Items listed in a dataset
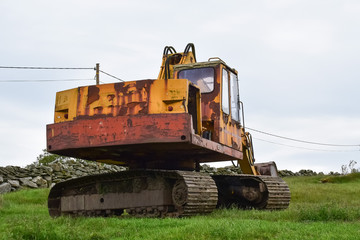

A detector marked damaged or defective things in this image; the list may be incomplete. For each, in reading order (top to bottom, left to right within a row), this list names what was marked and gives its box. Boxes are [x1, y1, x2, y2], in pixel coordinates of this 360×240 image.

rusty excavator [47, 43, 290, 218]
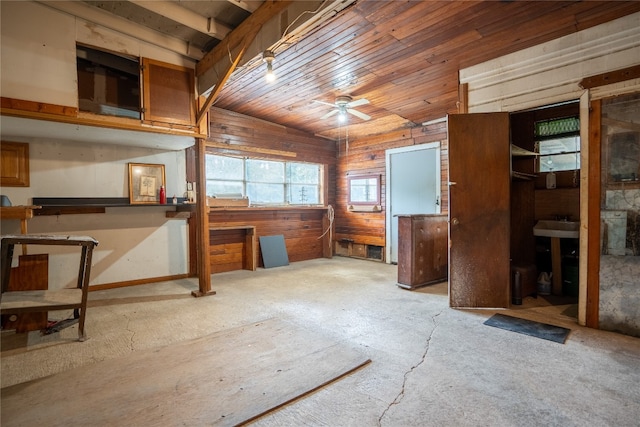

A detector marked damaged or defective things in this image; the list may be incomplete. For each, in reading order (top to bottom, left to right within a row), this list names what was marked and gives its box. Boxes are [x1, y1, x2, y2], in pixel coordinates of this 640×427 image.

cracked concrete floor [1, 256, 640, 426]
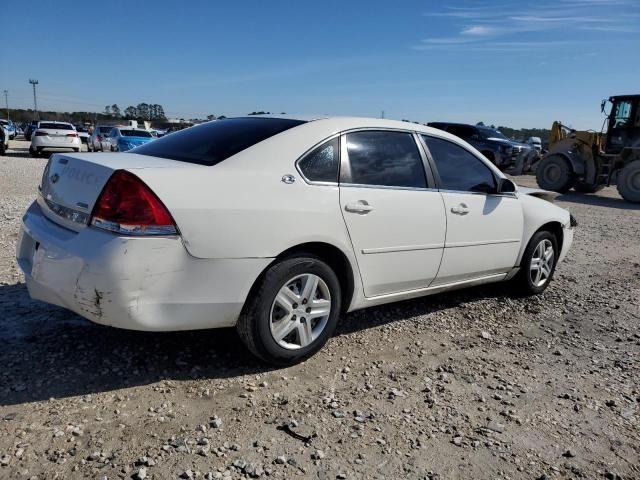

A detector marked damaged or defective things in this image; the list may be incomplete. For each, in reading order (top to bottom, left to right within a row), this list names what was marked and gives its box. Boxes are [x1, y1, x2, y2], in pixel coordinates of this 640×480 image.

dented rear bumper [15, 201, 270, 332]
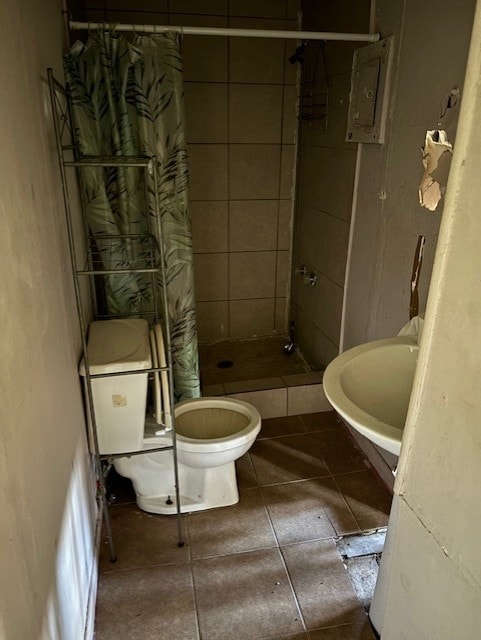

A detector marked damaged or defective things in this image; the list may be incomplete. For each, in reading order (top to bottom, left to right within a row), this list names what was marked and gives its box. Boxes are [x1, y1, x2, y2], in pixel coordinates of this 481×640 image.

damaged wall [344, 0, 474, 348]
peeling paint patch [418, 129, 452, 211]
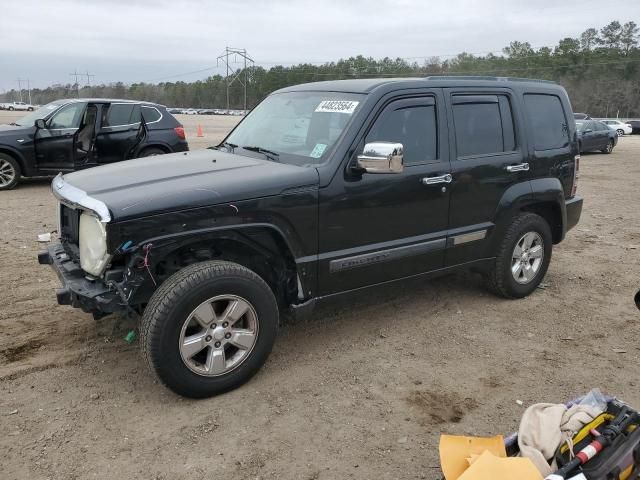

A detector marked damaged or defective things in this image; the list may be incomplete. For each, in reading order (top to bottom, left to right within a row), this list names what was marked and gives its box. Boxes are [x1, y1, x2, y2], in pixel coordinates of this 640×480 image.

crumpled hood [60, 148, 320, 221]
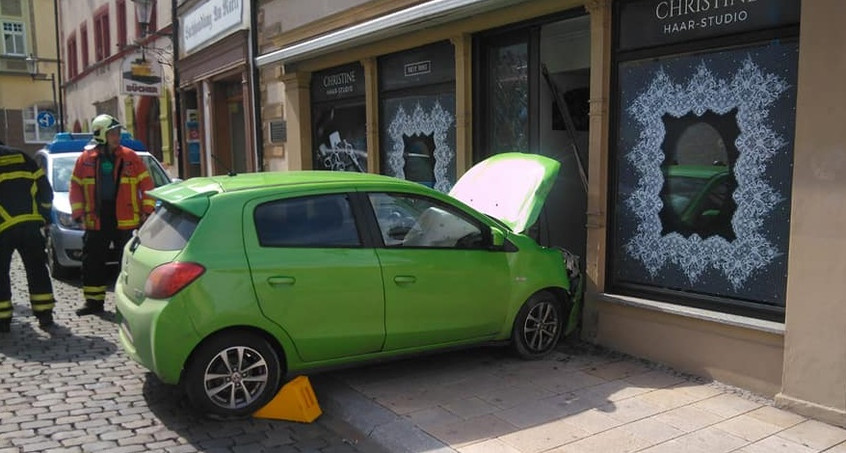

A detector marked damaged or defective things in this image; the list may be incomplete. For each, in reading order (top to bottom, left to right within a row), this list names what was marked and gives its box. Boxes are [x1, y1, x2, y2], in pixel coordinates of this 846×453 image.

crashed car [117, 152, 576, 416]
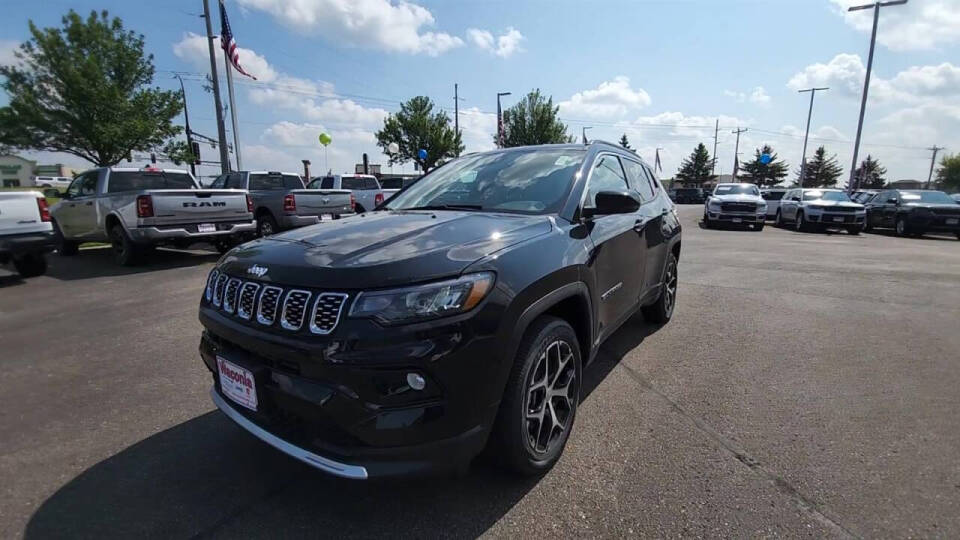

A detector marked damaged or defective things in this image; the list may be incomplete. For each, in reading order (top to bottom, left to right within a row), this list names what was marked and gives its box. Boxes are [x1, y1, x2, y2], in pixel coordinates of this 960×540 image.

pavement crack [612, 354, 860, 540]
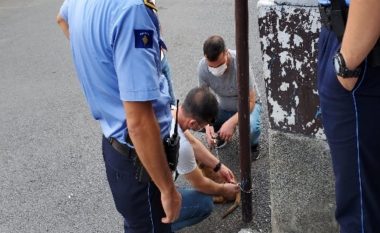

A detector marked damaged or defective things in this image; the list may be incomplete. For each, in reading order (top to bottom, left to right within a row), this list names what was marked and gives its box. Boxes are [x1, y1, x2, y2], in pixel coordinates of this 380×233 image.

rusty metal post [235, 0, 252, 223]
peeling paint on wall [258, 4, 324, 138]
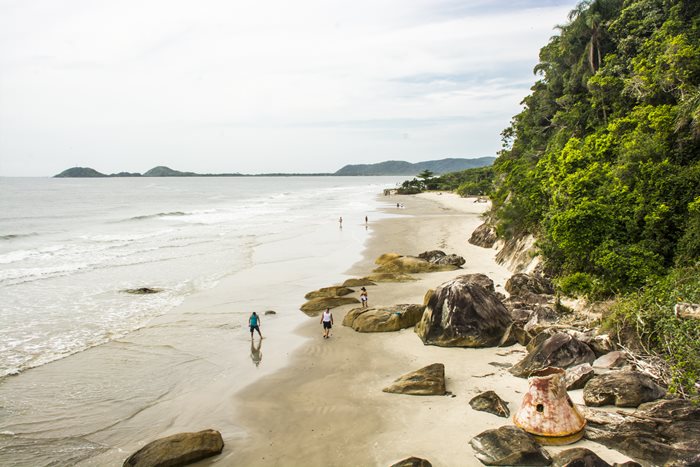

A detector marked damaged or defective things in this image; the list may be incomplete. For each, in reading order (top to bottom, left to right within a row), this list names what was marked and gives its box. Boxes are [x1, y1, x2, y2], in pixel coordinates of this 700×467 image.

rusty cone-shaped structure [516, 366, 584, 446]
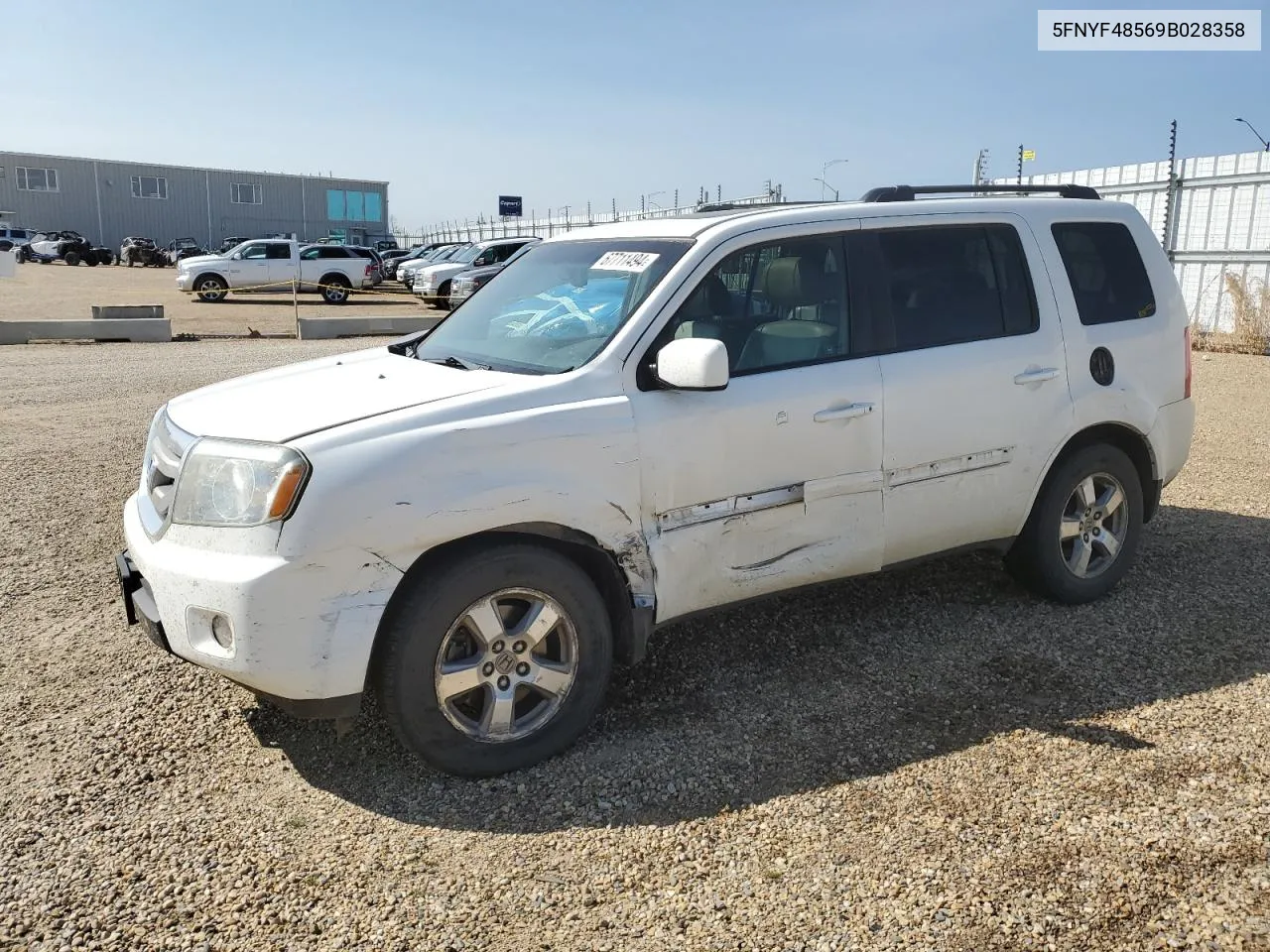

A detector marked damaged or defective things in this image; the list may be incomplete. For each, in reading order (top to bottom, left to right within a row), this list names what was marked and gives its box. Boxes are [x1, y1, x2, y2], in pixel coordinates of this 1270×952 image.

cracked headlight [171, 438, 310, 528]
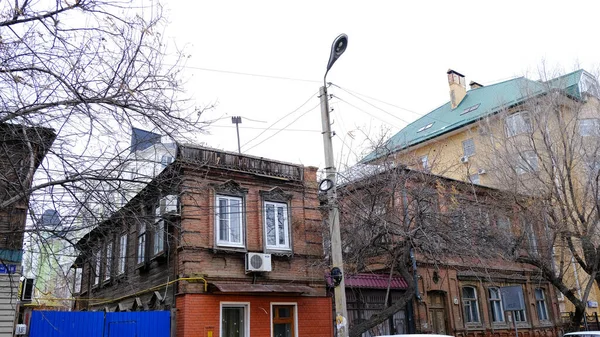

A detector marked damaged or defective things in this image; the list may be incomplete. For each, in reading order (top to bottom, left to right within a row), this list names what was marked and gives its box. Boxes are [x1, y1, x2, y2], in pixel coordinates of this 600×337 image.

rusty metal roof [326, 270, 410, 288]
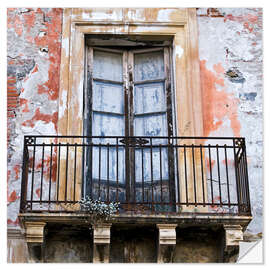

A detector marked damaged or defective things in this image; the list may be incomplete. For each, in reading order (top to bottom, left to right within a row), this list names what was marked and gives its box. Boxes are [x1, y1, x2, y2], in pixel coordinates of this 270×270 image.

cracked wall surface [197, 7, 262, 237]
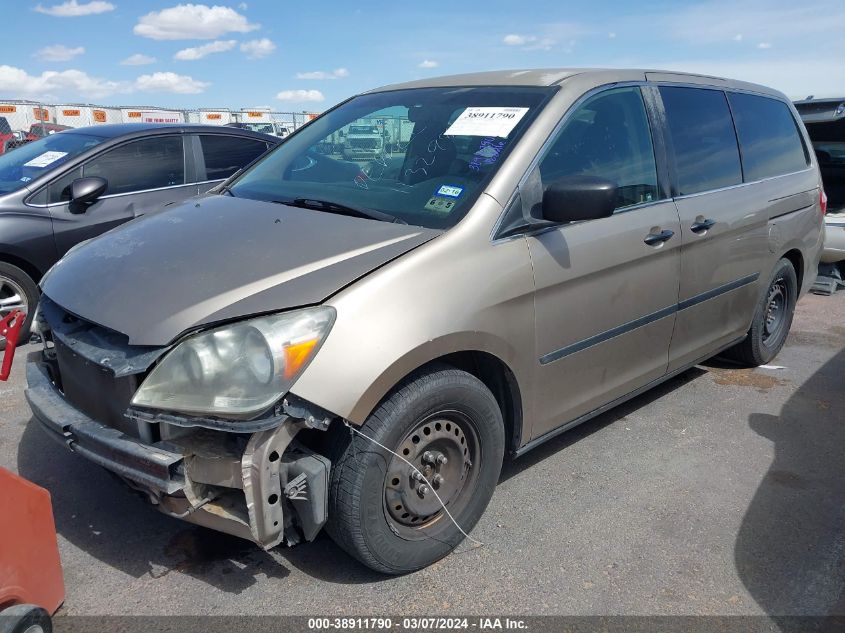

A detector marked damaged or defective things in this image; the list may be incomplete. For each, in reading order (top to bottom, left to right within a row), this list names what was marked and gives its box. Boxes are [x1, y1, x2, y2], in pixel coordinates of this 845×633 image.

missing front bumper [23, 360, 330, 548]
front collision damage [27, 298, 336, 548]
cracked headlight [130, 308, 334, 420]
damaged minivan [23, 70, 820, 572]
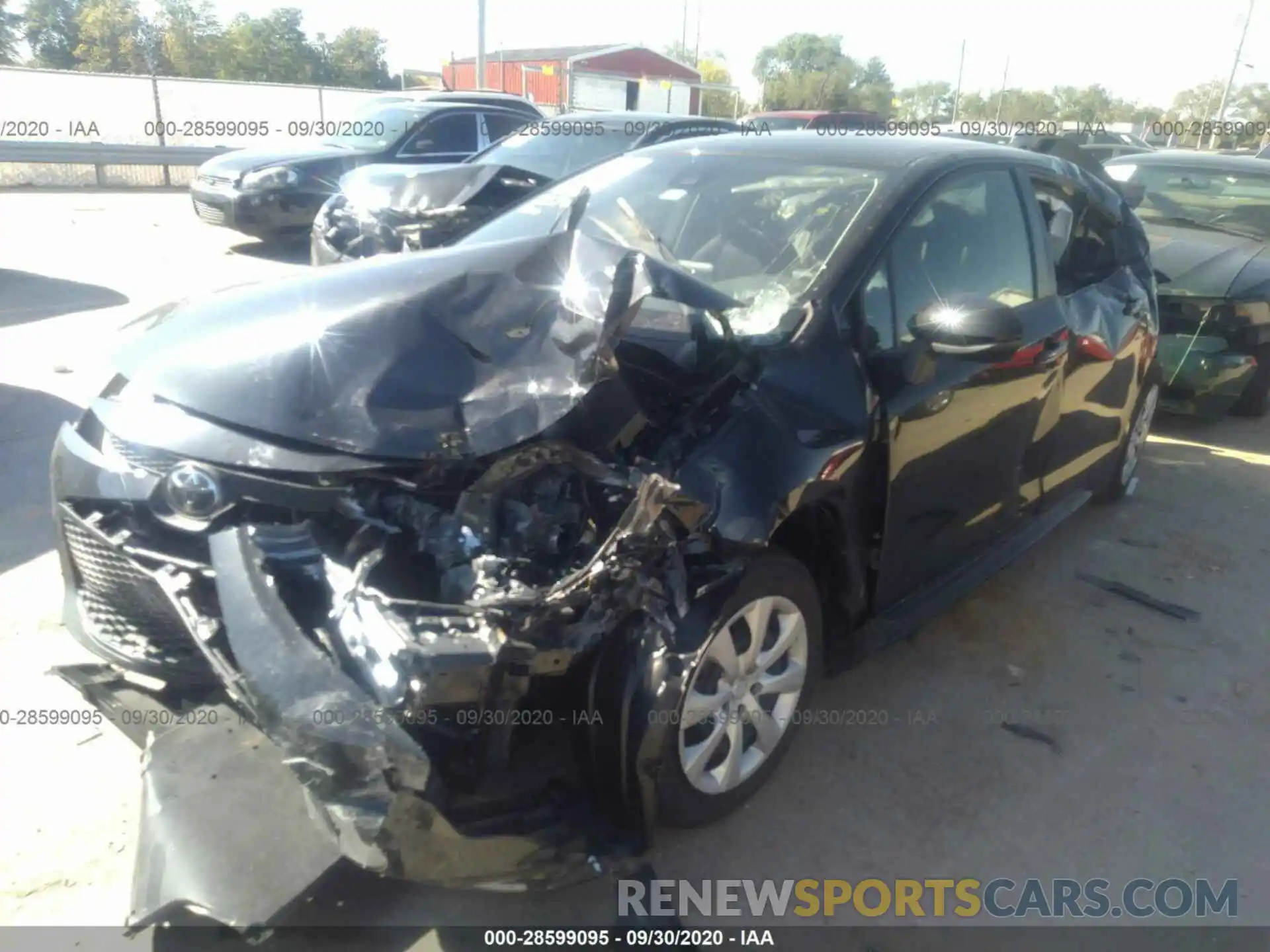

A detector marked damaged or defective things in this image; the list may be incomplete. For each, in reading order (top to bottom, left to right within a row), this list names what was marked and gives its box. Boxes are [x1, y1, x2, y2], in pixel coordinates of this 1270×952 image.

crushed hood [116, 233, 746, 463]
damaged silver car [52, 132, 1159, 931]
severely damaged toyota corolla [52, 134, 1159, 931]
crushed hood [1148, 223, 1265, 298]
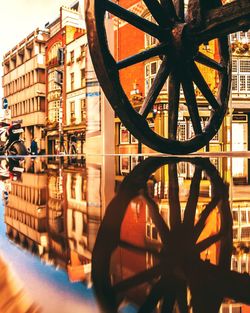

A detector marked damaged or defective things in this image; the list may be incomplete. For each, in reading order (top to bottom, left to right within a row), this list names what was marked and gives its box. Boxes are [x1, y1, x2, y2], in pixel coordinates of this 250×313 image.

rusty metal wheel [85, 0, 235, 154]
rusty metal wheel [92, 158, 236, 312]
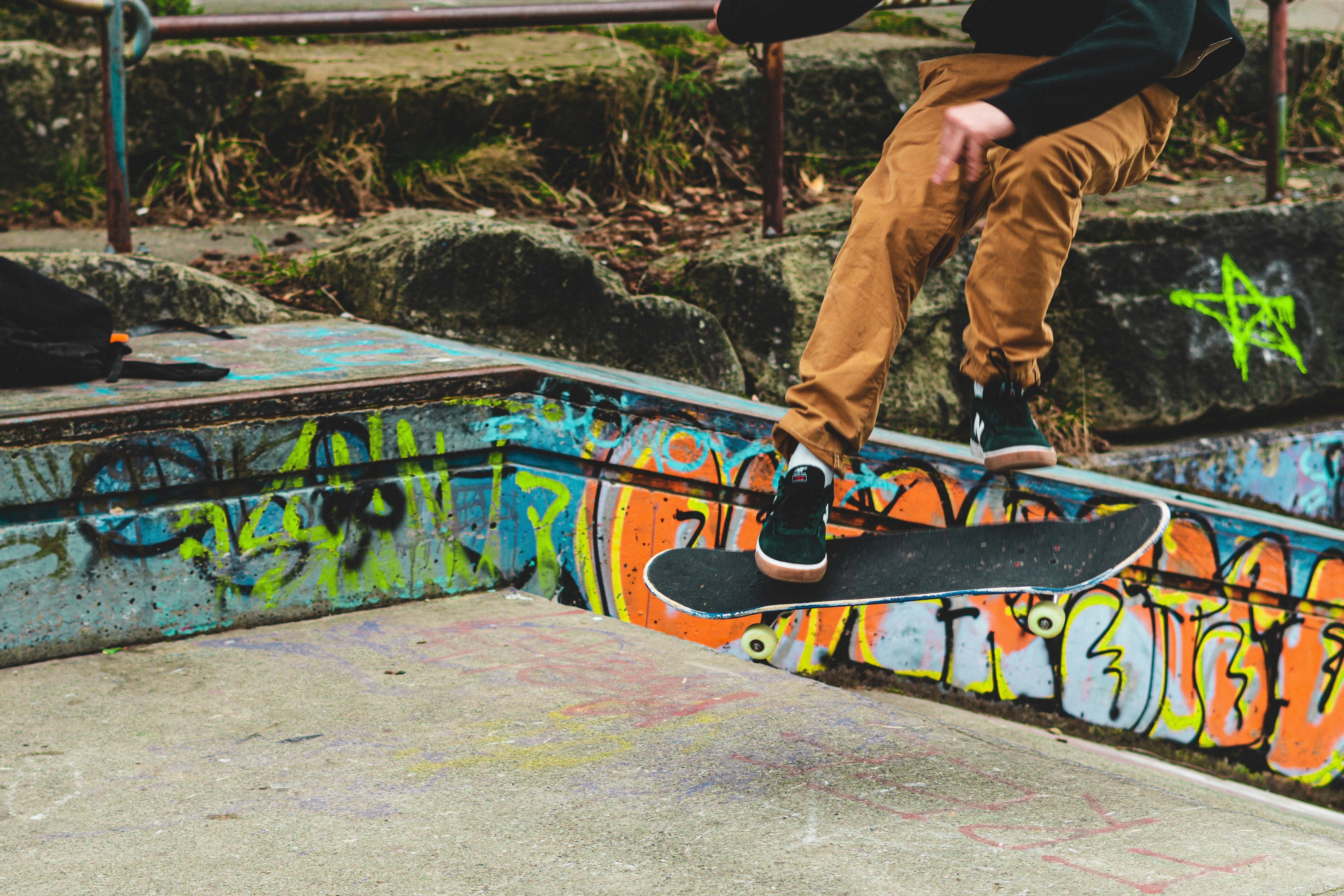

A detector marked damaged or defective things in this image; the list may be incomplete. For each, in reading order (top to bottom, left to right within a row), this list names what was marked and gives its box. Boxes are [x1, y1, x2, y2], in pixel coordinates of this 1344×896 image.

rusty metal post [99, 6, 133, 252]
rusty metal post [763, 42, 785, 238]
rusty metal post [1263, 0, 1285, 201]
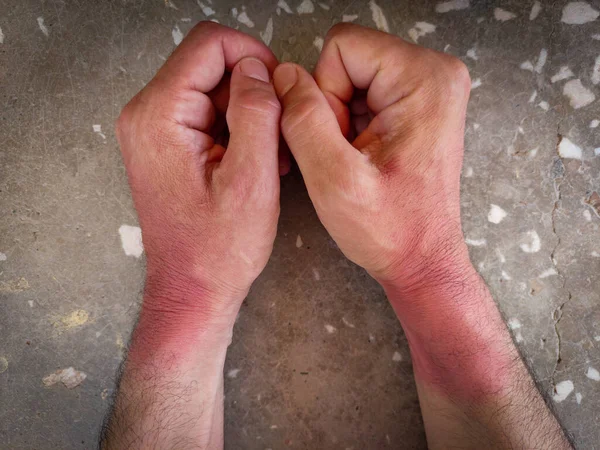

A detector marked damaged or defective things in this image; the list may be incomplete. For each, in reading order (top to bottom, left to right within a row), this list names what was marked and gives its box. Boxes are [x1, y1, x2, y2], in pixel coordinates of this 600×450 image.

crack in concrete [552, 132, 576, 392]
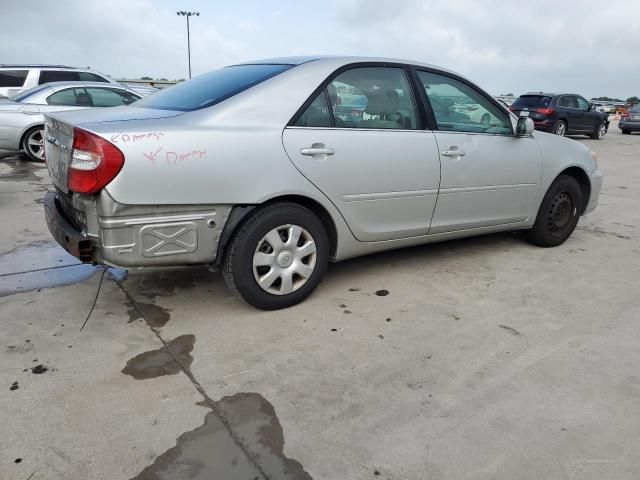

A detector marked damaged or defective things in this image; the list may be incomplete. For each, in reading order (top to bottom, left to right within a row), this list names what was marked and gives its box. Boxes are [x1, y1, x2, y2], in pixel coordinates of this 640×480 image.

Task directions
Please copy exactly, and only, the lines from the one that contains "this 250×313 image." through the last line of the data above, omitting all pictures.

Written reply
A detector marked damaged or defective things in this image; the list may be incomplete. For each, in reading order (top to bottom, left to right within a row), this list names what was marked and gives its box. Boxes are [x1, y1, x2, y2], in pixel coordinates of this 250×313 image.

rusty metal wheel [85, 0, 235, 154]
rusty metal wheel [92, 158, 236, 312]

A detector marked damaged or defective things in this image; the list may be incomplete. For each, in reading order (top to bottom, left to right within a row), this list names what was marked and gives its box. Boxes are [x1, y1, x2, y2], in pixel coordinates of this 1344×896 image.

rusty metal post [99, 6, 133, 252]
rusty metal post [763, 42, 785, 238]
rusty metal post [1263, 0, 1285, 201]

A detector marked damaged or defective things in this image; the list may be incomplete. For each, in reading order (top to bottom, left to right within a row), this list names what was marked and gives its box. Boxes are [x1, y1, x2, y2], in pixel coordinates of this 600×450 image.

crack in concrete [552, 132, 576, 392]

A detector marked damaged or defective things in this image; the list may be incomplete. For each, in reading order (top to bottom, left to right within a row), this list names what was marked and gives its box. Boxes are [x1, y1, x2, y2], in pixel coordinates of this 640×480 image.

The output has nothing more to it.